"From this hour I ordain myself loos'd of limits and imaginary lines, going where I list, my own master total and absolute, Listening to others, considering well what they say, Pausing, searching, receiving, contemplating, Gently, but with undeniable will, divesting myself of the holds that would hold me."
Walt Whitman (1819-92)
"When I look back now over my life and call to mind what I might have had simply for taking and did not take, my heart is like to break."
Akhenaton (d. c.1354 BC)
And now, the current weather, from some random person we pulled off the street:
Friday, August 06, 2004
floo-zy Variant(s): or floo·zie
Etymology: origin unknown
1 : a usually young woman of loose morals
2 : the kind of girl I usually picked up when I was an entertainer
My date was on the sidewalk in front of the bar, by the paddy wagon, dressed in short shorts and a skimpy halter top and screaming at the top of her lungs at the bouncer from the bar next door.
Man, turn my head for just a minute, and look what happens.
This was the summer of 1979 at Sloppy Joes Bar and Grill at Myrtle Beach. I was the featured act, and it was three in the morning on a Friday night (technically Saturday morning) which was my normal quitting time. I packed my guitar up as quick as I could, while the situation on the sidewalk just worsened.
Heck, I had just asked her out an hour ago, and things were already coming unraveled. Just my luck, and Friday night, too. Somehow, the fact that it was a Friday seemed to make it worse.
I walked out into the lion's den.
"What's the deal?" I kind of tossed the question out to both of them, like a piece of steaming red meat. I knew the guy, we'd known each other for months. He was big. The girl was, as best I knew, a tourist. She was, well, not so big. But hot. Definitely hot.
"Listen dude, I got nothin against you," the bouncer said to me (and I took special note of the 'you' part.) "But, this girl had a date with me then she made another date with you, and that ain't right."
"Did you have a date with him?"
"Well, yeah, but now I wanna go with you to breakfast." Then they both launched into another screaming match.
"Well, to be honest," I interrupted, and just for the record I was being honest, "I just wanted company for breakfast. We were heading down to the Waffle House. Not a big deal, y'all go ahead." I looked at the bouncer. "You asked her first. That's cool with me. I had no idea you had already asked her out."
"No," he said, staring at her. "I don't want to go out with her now."
"No, really, it's cool. Sorry there was a problem, I didn't know. Have a good time."
"No, you go ahead and take her to breakfast. I'm not taking her out!"
"No, it's fine, really. Hey, you and I live here."
"I don't WANT to."
She had been watching this whole exchange. I think it was about now that she started crying. Neither one of us paid it any heed.
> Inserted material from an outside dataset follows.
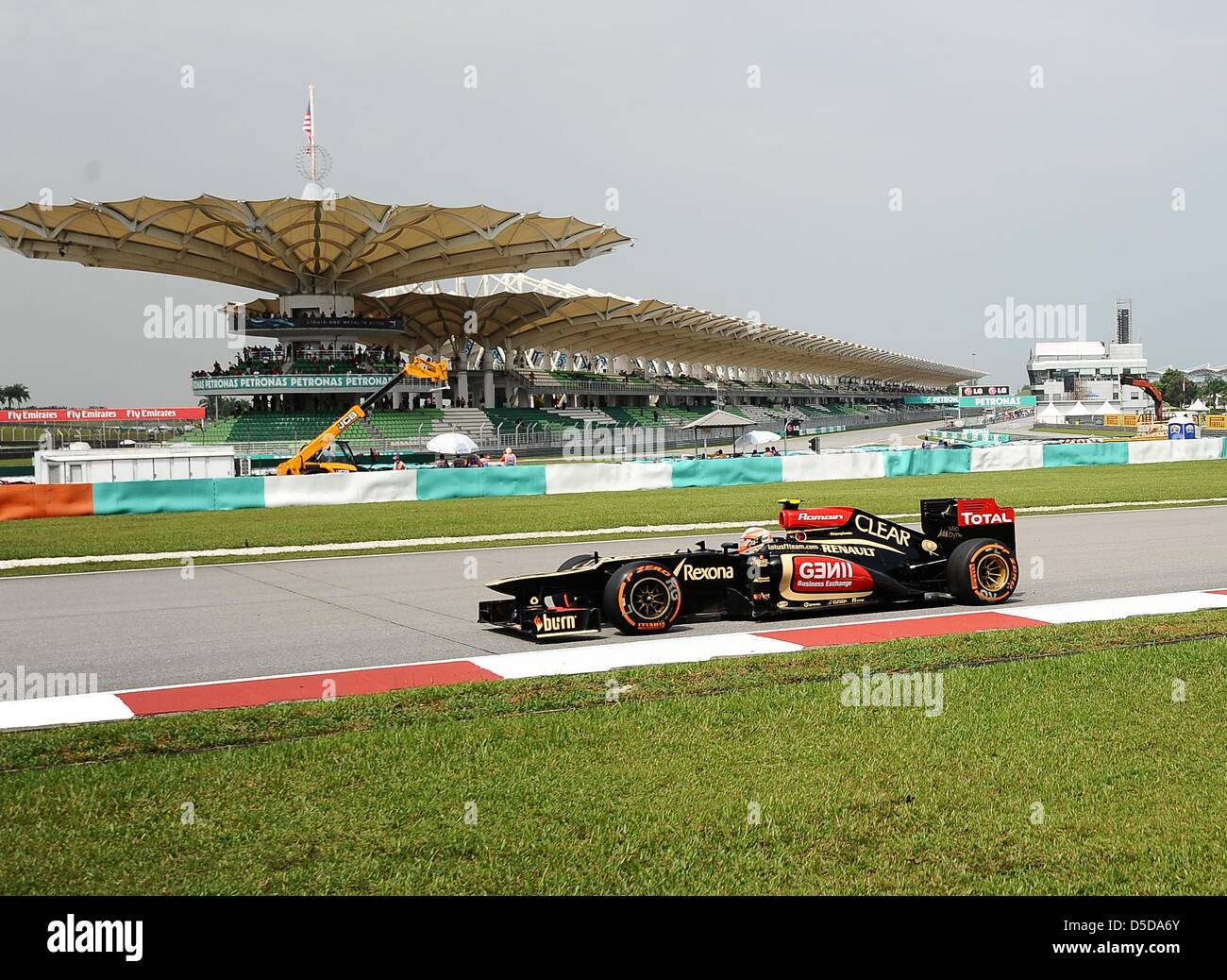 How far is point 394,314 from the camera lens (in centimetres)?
7831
You see, there is a comraderie among folks who work in a tourist area. Sort of a brotherhood. I knew this guy. I knew he was a gypsy. I knew the king of his tribe, too. I knew that both of us would have scrapped for the other one if need be.
"Well," I said, looking at him, "Neither do I."
He and I left her standing stunned in front of the bar, and quite enjoyed our breakfast at the Waffle House.
Let's face it...most relationships you have in life don't work out.